Las luces estroboscópicas se apagaron y los focos relucieron en un momento de brutal claridad que mareó a Caleb. Tardó un minuto en acostumbrarse a ello, y entonces empezó a vislumbrar la anemia de la tez de todos, la desnudez de la sala, las carencias de su propia miseria.

Y a Willy en una mesa.

Al final de la primera fila, con una fila de seis cervezas vacías delante de sí, sentado en una silla y mirando el escenario, donde una chica se meneaba sacudiendo los pechos delante de su cara.

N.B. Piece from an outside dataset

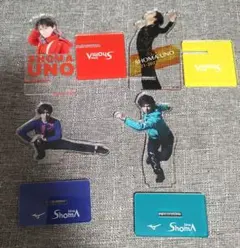 宇野昌磨　アクスタ4点のサムネイル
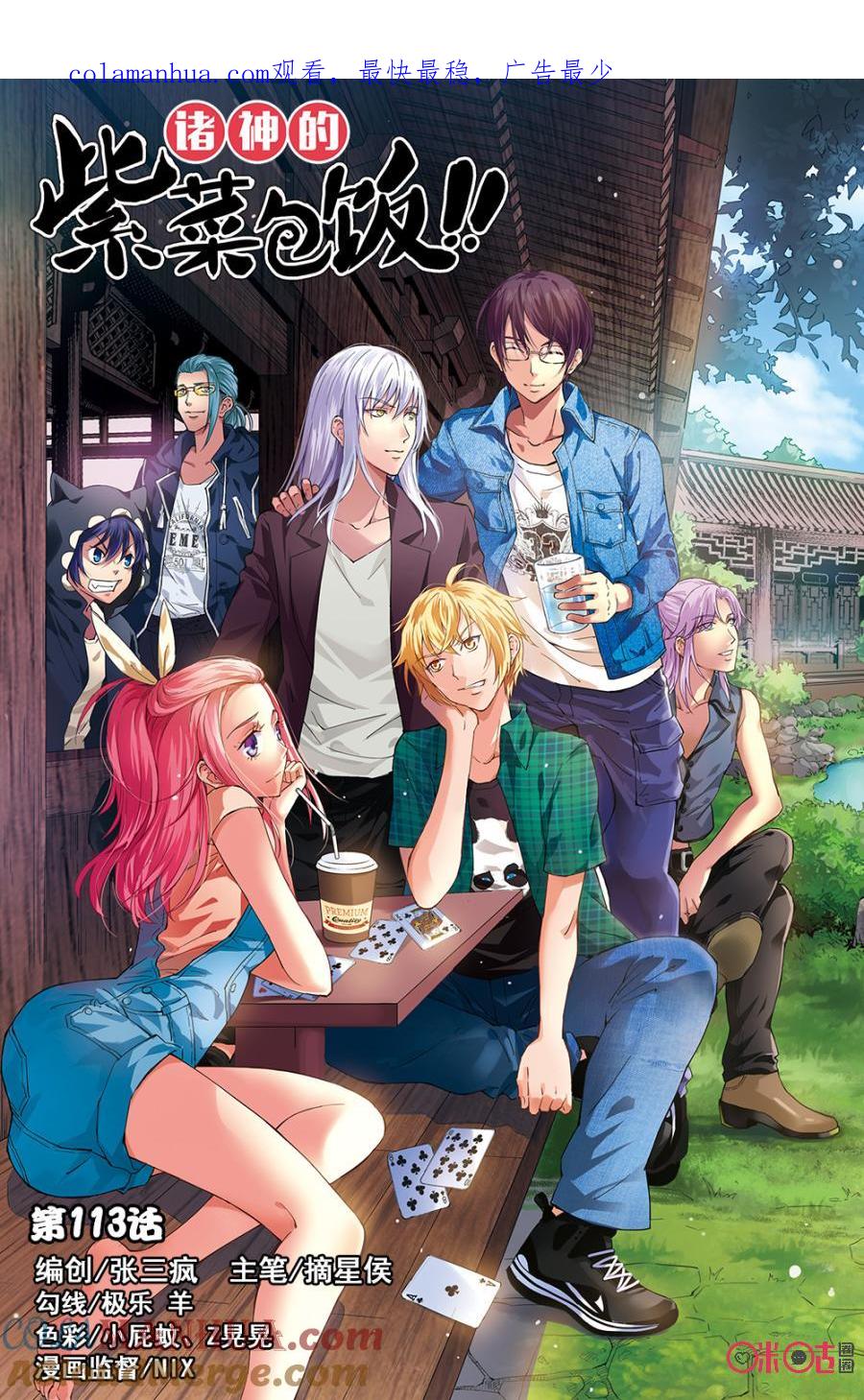 《诸神的紫菜包饭》第113话 第1页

Cal se puso en pie y los miró.

Se limpió el gélido sudor del cuello con el dorso de la mano.

– Oh, Jesús -dijo.

Era Candida Celeste la que bailaba ahí arriba. Animadora, propietaria de su corazón cuando todavía era inocente, una obra de arte de mujer que jugueteaba con los pies con atletas sin cuello que no sabían lo que era una Jihad y a la que le gustaba coquetear con el Yok. Una diosa caída en desgracia. Cal estuvo a punto de echarse a reír, pero olvidó cómo se hacía en el mismo instante en que abrió la boca.